You could do this pretty easily with an Arduino, but it seems like overkill - you can do much the same thing with discrete components - search for a frequency doubler circuit.

Thanks John,

I have an Uno. I was going to power the Arduino with a 9V battery for the time being as I've heard the units don't like vehicle voltage. 12v-14v.

The suspension only looks for a single trigger to deactivate, after that you need to manually activate it again, so no worries there.

Now, in regards to the code... I have no experience with this, and i'm hoping someone can help. :slight_smile:

Here is a program that measures frequency. It also has an LCD which you won't need.

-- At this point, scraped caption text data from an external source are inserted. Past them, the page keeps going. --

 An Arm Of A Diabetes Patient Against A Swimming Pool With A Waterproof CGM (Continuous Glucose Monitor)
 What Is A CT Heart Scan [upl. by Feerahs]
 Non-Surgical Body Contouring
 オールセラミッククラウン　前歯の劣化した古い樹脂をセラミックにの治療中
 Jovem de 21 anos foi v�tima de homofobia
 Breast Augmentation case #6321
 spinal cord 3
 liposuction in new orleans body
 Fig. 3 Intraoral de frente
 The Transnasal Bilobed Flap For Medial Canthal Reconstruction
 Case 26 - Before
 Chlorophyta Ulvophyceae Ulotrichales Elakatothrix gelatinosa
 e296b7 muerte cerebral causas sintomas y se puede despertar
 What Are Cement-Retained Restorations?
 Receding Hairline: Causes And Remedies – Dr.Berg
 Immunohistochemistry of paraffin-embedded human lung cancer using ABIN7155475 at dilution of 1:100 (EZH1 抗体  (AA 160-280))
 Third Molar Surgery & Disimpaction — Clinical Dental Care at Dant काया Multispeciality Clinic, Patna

//#include <LiquidCrystal.h>

//LiquidCrystal lcd(8, 9, 10, 11, 12, 13);
#define pulse_ip 7
int ontime,offtime,duty;
float freq,period;
   
void setup()
{
  pinMode(pulse_ip,INPUT);
 /*
 lcd.begin(16, 4);
  lcd.clear();
  lcd.print("Freq:");
  lcd.setCursor(0,1);
  lcd.print("Ton:");
  lcd.setCursor(0,2);
  lcd.print("Toff:");  
  lcd.setCursor(0,3);
  lcd.print("Duty:");  
*/
}
void loop()
{
   ontime = pulseIn(pulse_ip,HIGH);
   offtime = pulseIn(pulse_ip,LOW);
   period = ontime+offtime;
   freq = 1000000.0/period;
   duty = (ontime/period)*100; 
  
/*
 lcd.setCursor(4,1);
   lcd.print(ontime);
   lcd.print("us");
   lcd.setCursor(5,2);
   lcd.print(offtime); 
   lcd.print("us");   
   lcd.setCursor(5,0); 
   lcd.print(freq);
   lcd.print("Hz");
   lcd.setCursor(6,3);
   lcd.print(duty); 
   lcd.print('%');
*/
   delay(1000);
}

Hey John,

Any chance you can walk me through this?

These are the key functions. The syntax is explained here.

If you know the input waveform is a Square wave you need only measure the ontime and multiply by 2 to get the frequency. If it is not a square wave yo must measure the on time and the off time then add them together.